Two houses ago - kitchen

From the moment we first moved into the house we wanted a new kitchen. Well, we knew when we viewed the house that we would need to put a new one in. As you can see from when we viewed, there was just about no storage and what there was was very dated and grubby:

A couple of shots from moving day:

Facing into the kitchen from the doorway to the lounge (door to yard just to the right).

Facing back towards the lounge:

We cobbled together a little extra storage here and there, including a bedside table on the counter top:

Later a friend renovated her kitchen so I snagged a couple of the old cabinets she was chucking out. We were very kindly given a gas cooker (stove) by someone else:

Kinda sad that I was excited about old vinyl that wasn't even THAT good

I later started my first business which was an online store selling scrapbooking goodies. It was turning a decent profit but every penny was being plowed back into new stock so I wasn't actually making any money for myself, plus it was a lot of work that I was juggling to fit in with Daniel who was 2. When we decided to have another baby I sold the business and we used that money to put in a new kitchen. Much excitement!

I thoroughly enjoyed the challenges of planning the layout. The room was long and narrow. It had originally been one small kitchen but someone had extended it. This meant that halfway down the room the walls suddenly went from single thickness of brick to double - if you look on the left wall in the picture above you can see how the floor units at the back stick out further than the fridge and floor units closest to the door.

I took that into account and we decided to cut the backs of the units going into the back section so that not only would they line up with the rest of the units but we'd gain a few inches of floor space too. You'll see the effect later - but at first we had to gut the whole room and start building units.
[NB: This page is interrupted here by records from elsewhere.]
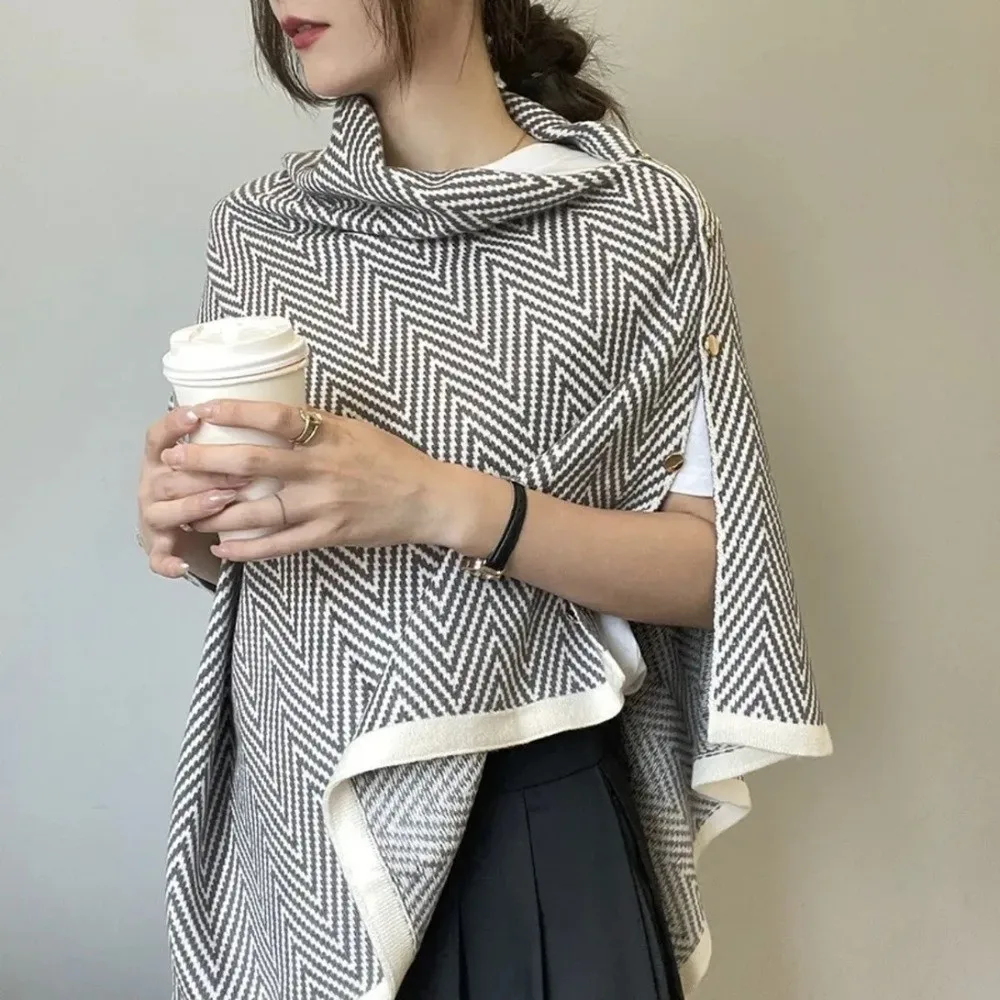 

Classic Striped Imitate Cashmere Scarf Thickened Winter Cashmere Scarves Knitted Warm Long Shawl Women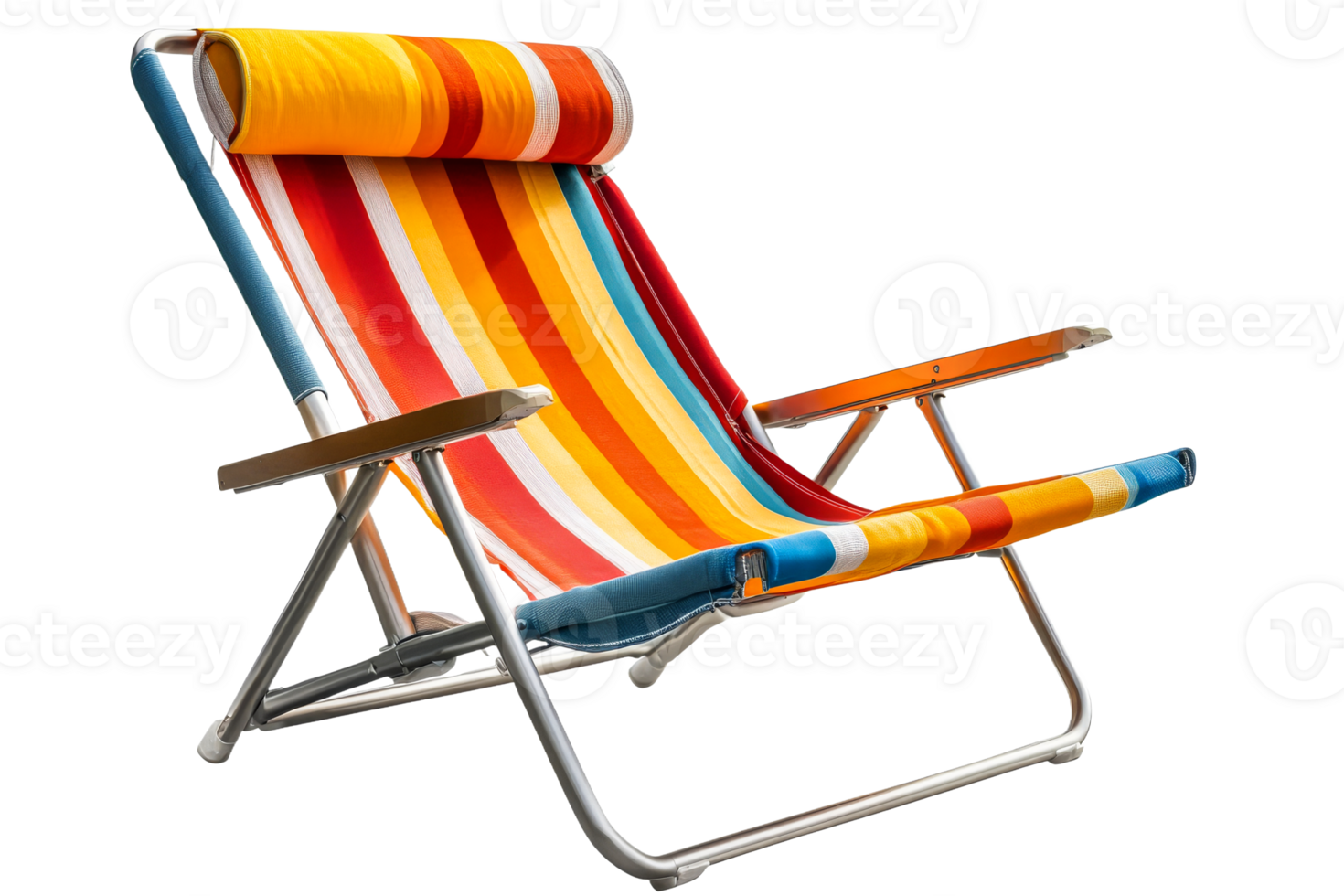 Relaxing beach chair with vibrant stripes for outdoor use png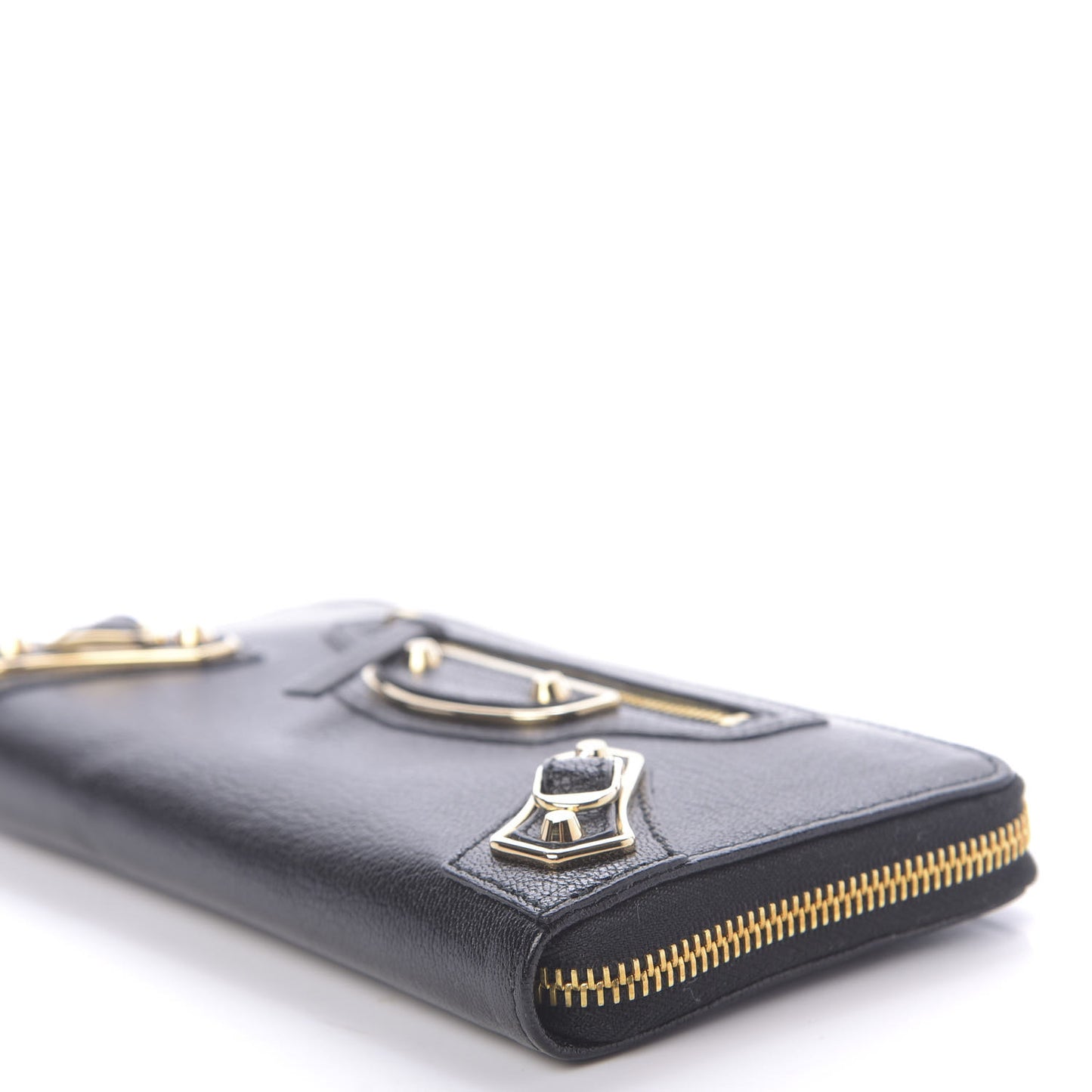 Chevre Gold Metallic Edge Hardware Zip Around Wallet Black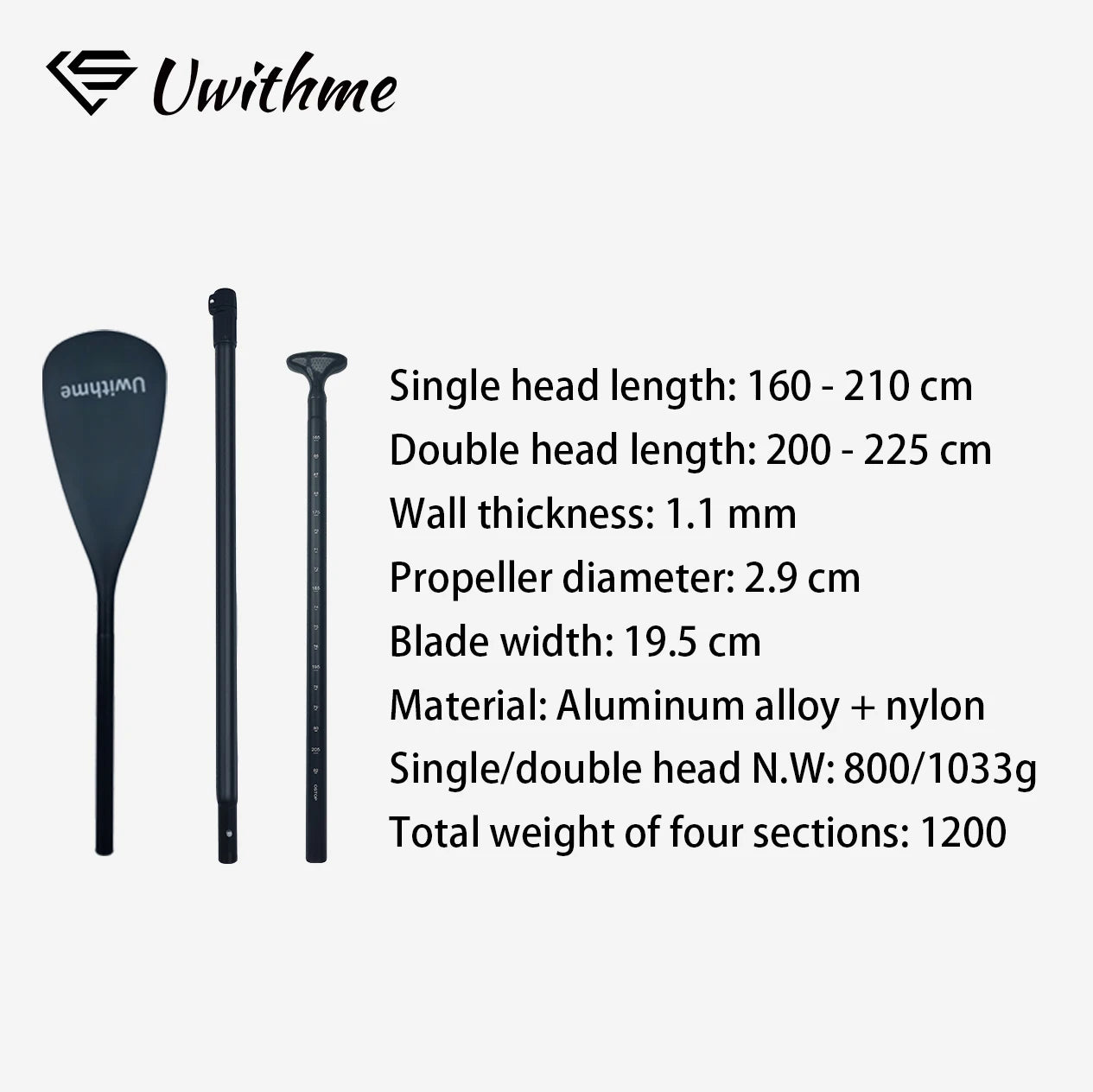 Convertible Single/Double Head Water Sports Paddle (Kayak, Canoe, Paddleboard) from China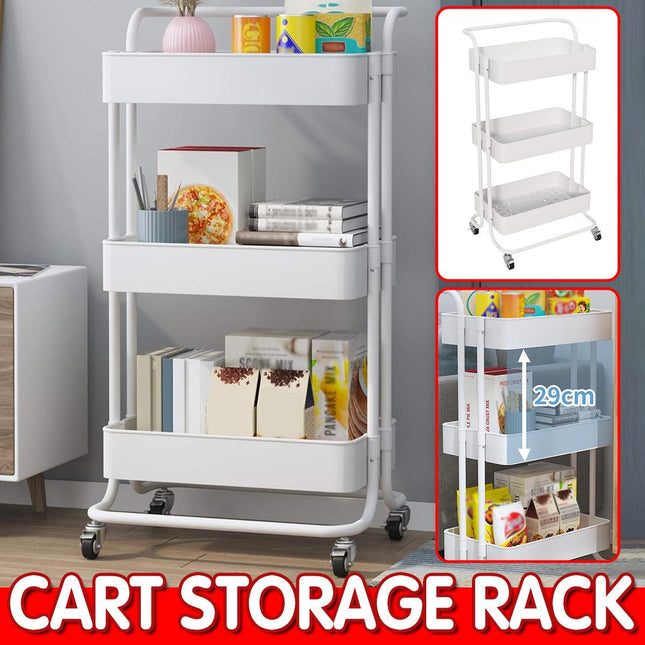 3 Tier Kitchen Bathroom Trolley Cart Steel Storage Rack Organizer with Wheels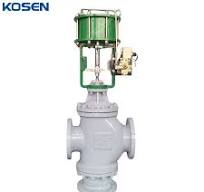 Pneumatic Three Way Control Valve, A216 WCC, 6 Inch, 150 LB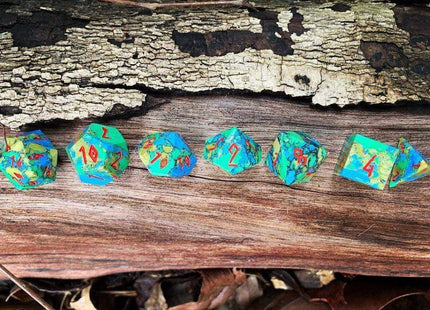 Gamers Guild AZ Norse Foundry Norse Foundry TruStone Dice - 7-Piece Set - Tri Color Turquoise Norse Foundry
I don't have photos of that stage as they were taken with my film camera. So fast forward to installed units. Ignoring the plastic film on them (with blue logos) you can see that we chose Adel units from Ikea in yellow-white, because we wanted a softer cream colour than pure stark white.

Note the artwork I'd painted on the wall previously on a whim using tester pots:

Now you can see what I meant about the units on the left hand side - one straight run of counter. The units after the gap with the stool in were cut to be shallower than the rest.

Oh, and did I mention that we built this kitchen while I was heavily pregnant?

View from the back door. We were originally sent the wrong doors for the tall unit and had to get new ones. It was for the integrated fridge-freezer. As you can see here the middle door was too long and the bottom door too short.

Yay, counters on both sides! The first of the colours considered get tested on the wall (biscuit and sage):

I think I swooned at this stage:

Grant's first time installing a sink and taps:

Notice the bare concrete floor:

And the final reveal - ta-da! After testing loads of colours on the wall we decided on a neutral tan. The trouble with the units was that they were too yellowish rather than a neutral cream. Any colour next to them made them look more yellow (green and yellow; red and yellow) whereas sticking to a neutral kept them looking neutral.

Excuse the yucky bin, we'd run out of money!

Because we'd used every inch wall space for storage we had sacrificed the wall heater, which was rubbish anyway. We had decided on underfloor heating and laid laminate over it. (By the way, it's normal to have the washing machine and dryer in the kitchen in Europe).

Unfortunately, as you can see in the picture above, over time the warmth from the underfloor heating made the laminate boards shrink and they started coming apart. We later replaced it with interlocking laminate tile flooring.

A little extra storage on a shallow bit of wall - we had to adapt an Ikea floating shelf for this. Props to Grant for his DIY skills:

We had planned on adding a cooker hood but I don't think we ever got around to it. This was the first time Grant and I did any tiling and it was pretty easy except for the fact that I had trouble leaning over the counter to press the tiles on due to my 8-month-pregnant belly!

I later painted the back door off-white - big improvement.

Hand towel handy next to the sink:

DIY artwork created with a dirt-cheap Ikea frame painted black, a sheet of white card, a square punch and a bunch of different patterned papers:

Note how the cords for the dishwasher and washing machine come up behind the upstand - my, my, aren't we clever.